March 15, 2017
Mann Award winner studies degenerative disease
A single gene is bringing researchers closer to understanding two devastating neurodegenerative diseases.
Amyotrophic lateral sclerosis (ALS) and frontotemporal lobar degeneration (FTLD) are both neurodegenerative diseases that ravage the body and brain. ALS attacks nerve cells, which in turn weaken muscles until they waste away, and FTLD damages the brain’s temporal and frontal lobes, leading to a loss in brain function and, ultimately, personality and behavior deterioration.

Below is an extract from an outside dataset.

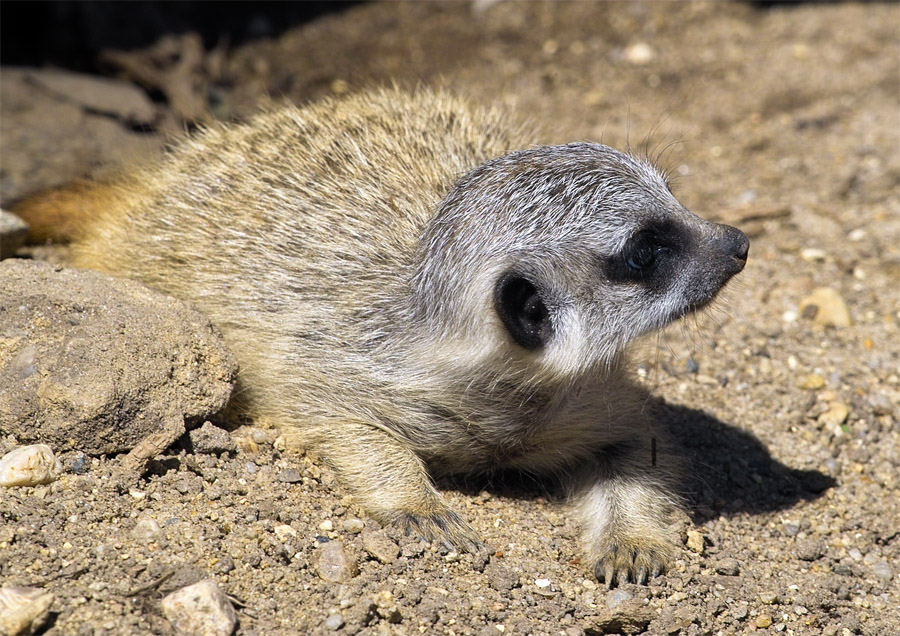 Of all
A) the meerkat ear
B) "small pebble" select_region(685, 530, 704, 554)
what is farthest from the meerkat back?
"small pebble" select_region(685, 530, 704, 554)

While the causes of ALS and FTLD are still a mystery, both diseases share a common linkage in the gene C9orf72.
Peter Sullivan, a fifth-year doctoral student in the field of biochemistry, molecular and cell biology, is working to better understand C9orf72 and how it functions to unravel the mystery of ALS and FTLD.
In recognition of his research on C9orf72, Sullivan is the winner of this year’s Harry and Samuel Mann Outstanding Graduate Student Award.
Since 2013, Sullivan has worked in the lab of Fenghua Hu, assistant professor in the Department of Molecular Biology and Genetics. The Hu Lab specializes in studying molecular and cellular mechanisms involved in neurodegeneration, specifically as related to ALS and FTLD.
“These two diseases are closely related in several ways but the symptoms are very different,” Sullivan said. “One is behavioral personality changes and the other is complete motor dysfunction. And so how these two very different diseases come about from similar causes, and why some patients get one disease rather than the other, is really interesting, and something that we still don’t really know.”
Sullivan uses a variety of cell and molecular techniques to understand the role of C9orf72, notably the CRISPR/Cas9 gene-editing technology, which allows him to create mouse strains that lack C9orf72, and study the consequences of losing this gene and how that loss of function triggers ALS and FTLD.
Already Sullivan has made several promising discoveries. He has found that C9orf72 is involved with regulating the autophagy pathway, a kind of a cellular recycling method in which proteins or parts of the cell that are damaged get turned over and recycled. He has also found that a shortage of C9orf72 severely disrupts immune function.
Sullivan and Hu are excited by how much progress has been made in a field that did not exist until 2011, when the link between C9orf72 and the diseases was first discovered. And by understanding ALS’ and FTLD’s connection to the gene, researchers may be able to gain insight into other diseases as well.
“There’s a place for all neurodegenerative diseases,” Hu said. “Alzheimer’s, Parkinson’s, all have different regions of the brain or nervous system affected. But why?”
The Mann Award was established by Thomas Mann ’64 and Diann Mann ’66, and Cornell parents Jeanne and Gary Newman. Cousins Thomas Mann and Jeanne Newman conceived of the $20,000 award as a way to honor their fathers, Harry and Samuel Mann, the sons of Russian immigrants who were early innovators in the production of penicillin, by celebrating the next generation of biochemical, molecular and cell biologists.
“We thank the Cornell faculty for recruiting and training such outstanding young scientists. It is exciting to anticipate the results and fruits of their work in the years to come,” said Thomas Mann, Samuel’s son. “We’d like to thank Cornell for the opportunity to participate in this small way.”
Sullivan is on track to complete his degree by the end of the year, and he hopes to pursue a career in shaping public policy around science.
“One of the big concerns right now among scientists is whether or not the actual science, or the popular opinion, is getting to policymakers,” Sullivan said. “So what I want to do is make sure both the public is getting good scientific information and the policymakers are getting good scientific information. That will hopefully get the best results.”
David Nutt is staff writer for the College of Agriculture and Life Sciences.